Individual petitioners own property in close proximity to proposed landfill
Even after Society of Plastics, courts have continued to rely upon the Court of Appeals’ unambiguous statement “in deciding whether an owner has standing to ask the Court to review SEQRA compliance, the question is whether it has a significant interest in having the mandates of SEQRA enforced. An owner’s interest in the project may be so substantial and its connection to it so direct or intimate as to give it standing without the necessity of demonstrating the likelihood of resultant environmental harm. For even though such an owner cannot presently demonstrate an adverse environmental effect, it nevertheless has a legally cognizable interest in being assured that the decision makers, before proceeding, have considered all of the potential environmental consequences, taken the required ‘hard look’, and made the necessary ‘reasoned elaboration’ on the basis of their determination”. HAR Enterprises v. Town of Brookhaven, 74 N.Y.2d 524, 529 (1989), cited after Society of Plastics in Lordo v. the Board of Trustees of Munsey Park, 202 A.D.2d 506, (2d Dept. 1994), Patterson Materials Corp. v. Town of Pawling, 221 A.D.2d 608, 609 (2d Dept. 1995), and Skenesborough Stone v. Village of Whitehall, 229 A.D.2d 780, 781 (3d Dept. 1996).
More recently, the Third Department has noted: "The allegation that each lives in close proximity to the proposed project coupled with their allegations that they will be adversely affected by the project are sufficient to create a presumption that [these petitioners] will be adversely affected in a way different from the public at large." Town of Coeymans v. City of Albany, 284 A.D.2d 830, 833-834 (3d Dept. 2001) citing McGrath v. Town Board of North Greenbush, 254 A.D.2d 614, 616 (3d Dept. 1998), leave to appeal denied 93 N.Y.2d 803 (where the court held, an allegation that petitioner lived within 500 feet of the site, and would suffer harm from increased noise, traffic and "degradation of the character of the neighborhood" sufficient to demonstrate standing).

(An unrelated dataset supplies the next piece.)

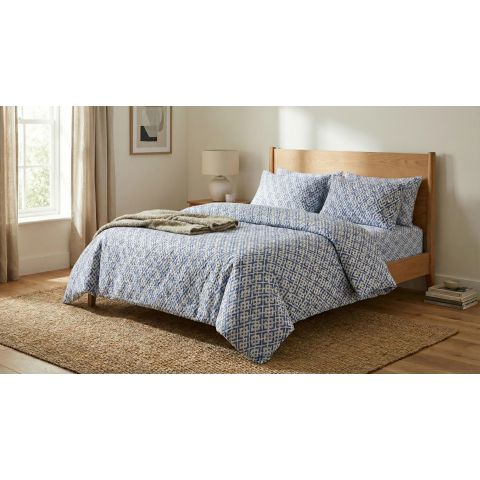 Lenjerie pat dublu Creponata 100% Bumbac, cearsaf pat 200x230 cm, pilota 180x215 cm, 2 fete perna 50x70 cm, Alb/Albastru, Pucioasa CREP77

In Save Our Main Street Buildings v. Greene County Legislature, 293 A.D.2d 907 (3d Dept. 2002), leave to appeal denied, 98 N.Y.2d 609 (2002), the Third Department acknowledged that it had recognized standing on a basis of impairment of a scenic view from a party’s residence, citing Steele v. Town of Salem Planning Board, 200 A.D.2d 870, 872 (1974), leave to appeal denied, 83 N.Y.2d 757 (1974), but nevertheless rejected a claim of standing on the basis of a factual finding that the individual petitioners’ residences were not within sight of the project, and that any impacts would therefore be no different than for the public at large. 293 A.D.2d at 909.
Save Our Main Street Buildings is distinguishable from the instant case, because here petitioners specifically allege that they will be directly impacted by the landfill in their backyards. These impacts will not only be visual, they will also result from odors, increased traffic, and deprivation of recreational use.
Petitioners will be deprived of an important recreational resource
"Use and enjoyment of the site at issue is clearly sufficient to establish standing under [the National Environmental Policy Act] and the same rule should apply under SEQRA, although the issue has not been extensively litigated". Gerrard, Ruzow and Weinberger, Environmental Impact Review in New York, p. 7-96. The Pine Bush Preserve is an important recreational resource for the Albany community, and impairment of this resource by the construction of a landfill upon land that is crucial to establish a corridor between the two portions of the preserve is clearly an environmental harm. However, the question can be asked "Can an injury to use and enjoyment of a public resource also show an injury distinct from that of the public at large?" Ibid. p. 7-96.
It could be argued that every citizen of New York State has an interest in preservation of the Pine Bush, and that therefore no one has standing to raise a SEQRA challenge, because no individual or organization has a specific injury separate from the general public. However, petitioners respectfully submit that such an interpretation is logically absurd and would lead to the conclusion that no one would ever have standing to challenge an environmental harm.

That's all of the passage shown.